Top of Material for this task

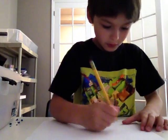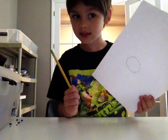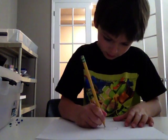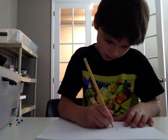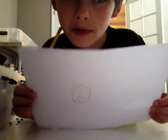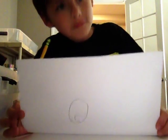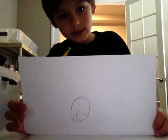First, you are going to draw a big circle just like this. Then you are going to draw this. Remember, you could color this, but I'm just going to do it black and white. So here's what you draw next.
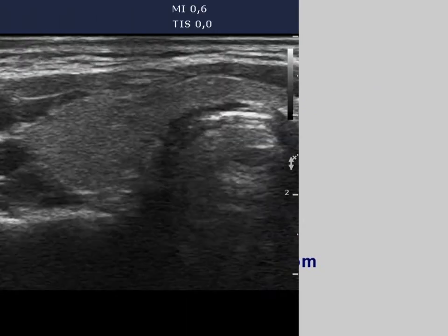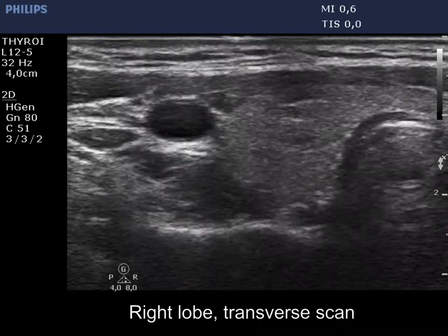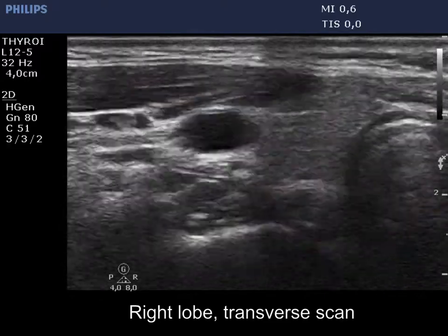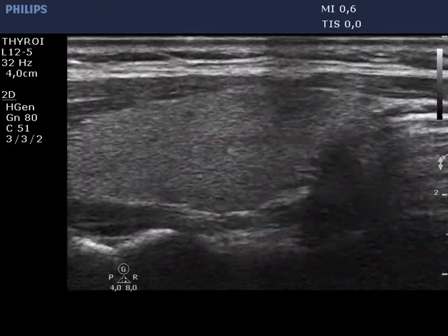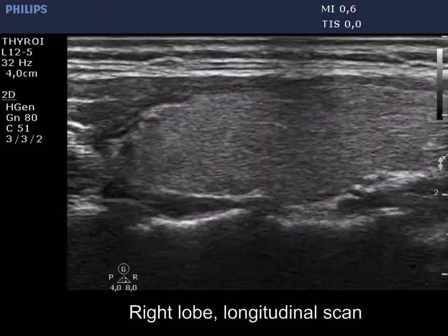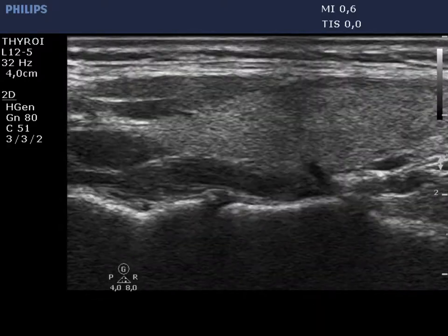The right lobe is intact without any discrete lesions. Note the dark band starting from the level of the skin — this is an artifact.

Bottom of Material for this task
Top of Material for this task

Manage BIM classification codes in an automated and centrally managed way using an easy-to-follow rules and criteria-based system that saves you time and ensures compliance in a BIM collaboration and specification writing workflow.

Bottom of Material for this task

§ What is being asked: Leave out the images and write out the lines above exactly, from the one with "First, you are" up to and including the one with "The right lobe".

§ The answer:
First, you are going to draw a big circle just like this. Then you are going to draw this. Remember, you could color this, but I'm just going to do it black and white. So here's what you draw next.
The right lobe is intact without any discrete lesions. Note the dark band starting from the level of the skin — this is an artifact.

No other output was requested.